St Mary's Church is a Church of England parish church in East Knoyle, Wiltshire, England.

== History ==
The Church of England Parish Church of St Mary was begun before the 1066 conquest. Pevsner described its chancel as "Norman in its bones" and wrote that its 17th-century plaster decoration, a "surprise and delight", "ought to be the purpose of a visit from every Wiltshire tourist".

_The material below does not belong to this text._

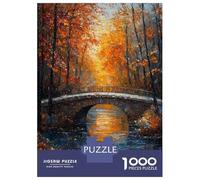 Puzzle De 1000 Pièces Pour Adultes Impressionist Inspired Autumn Bridge Scene Puzzle Pour Adultes, Jouet, Décoration Murale, Analyse Et Logique, Cadeaux Uniques Pour Anniversaire Et Noël 70x50cm/1000p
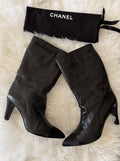 CHANEL GABRIELLE COCO CRINKLED CALFSKIN LEATHER BOOTS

The church was extended in the 13th, 14th, and 15th centuries, with a large tower added in the 15th century. Plasterwork in the chancel depicting biblical scenes was designed in about 1639 by Dean Christopher Wren. Five of the six bells are from the 18th century. The building was further extended in the 19th century, along with restoration in 1845 by Wyatt and Brandon, and interior alterations in 1875-6 by Sir Arthur Blomfield.

The church was declared Grade I listed in 1966. Since 2008, the ecclesiastical parish forms part of the benefice of St Bartholomew, a group of six parishes.

St Mary's had a chapelry at Hindon from the 13th century. Hindon became a separate vicarage in 1869.

== Notable rectors ==
Christopher Wren (1589–1658) was rector of East Knoyle from 1623. He married Mary Cox, daughter of Richard Cox of Fonthill Bishop. Their children were all born at the parsonage house, including in 1632 Christopher, who would become a prominent architect. After Christopher senior was appointed Dean of Windsor in 1635, the family spent part of each year there.